> _What this task involves_
Copy word for word each line from the one that has "White-bellied Green-Pigeon - ML644691737" to the last line of the records, with no other lines.

> _Dataset records_
=== Begin Enclosure ===

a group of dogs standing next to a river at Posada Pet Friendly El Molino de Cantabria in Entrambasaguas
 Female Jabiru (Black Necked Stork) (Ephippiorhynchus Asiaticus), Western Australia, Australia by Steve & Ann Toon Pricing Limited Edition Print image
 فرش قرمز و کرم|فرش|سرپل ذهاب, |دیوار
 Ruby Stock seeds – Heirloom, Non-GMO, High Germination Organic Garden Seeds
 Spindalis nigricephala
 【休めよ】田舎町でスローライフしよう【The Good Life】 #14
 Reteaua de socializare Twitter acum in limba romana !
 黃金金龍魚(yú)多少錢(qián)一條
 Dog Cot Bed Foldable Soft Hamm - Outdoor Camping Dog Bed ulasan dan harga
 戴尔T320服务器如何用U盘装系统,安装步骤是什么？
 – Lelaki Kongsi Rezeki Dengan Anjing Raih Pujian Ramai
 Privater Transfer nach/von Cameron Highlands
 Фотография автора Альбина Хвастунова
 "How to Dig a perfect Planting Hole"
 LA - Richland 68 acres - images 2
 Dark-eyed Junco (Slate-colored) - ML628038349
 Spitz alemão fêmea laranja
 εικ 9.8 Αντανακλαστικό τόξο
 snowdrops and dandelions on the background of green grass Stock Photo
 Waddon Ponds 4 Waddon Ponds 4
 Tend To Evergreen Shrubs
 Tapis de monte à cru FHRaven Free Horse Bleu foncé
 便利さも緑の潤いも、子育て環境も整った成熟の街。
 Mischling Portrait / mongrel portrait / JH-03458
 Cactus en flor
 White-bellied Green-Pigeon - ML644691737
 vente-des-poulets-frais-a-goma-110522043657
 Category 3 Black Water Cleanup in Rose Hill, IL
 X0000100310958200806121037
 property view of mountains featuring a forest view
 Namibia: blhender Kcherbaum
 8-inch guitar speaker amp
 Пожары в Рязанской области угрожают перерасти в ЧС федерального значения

=== End Enclosure ===

> _Solution for this exercise_
 White-bellied Green-Pigeon - ML644691737
 vente-des-poulets-frais-a-goma-110522043657
 Category 3 Black Water Cleanup in Rose Hill, IL
 X0000100310958200806121037
 property view of mountains featuring a forest view
 Namibia: blhender Kcherbaum
 8-inch guitar speaker amp
 Пожары в Рязанской области угрожают перерасти в ЧС федерального значения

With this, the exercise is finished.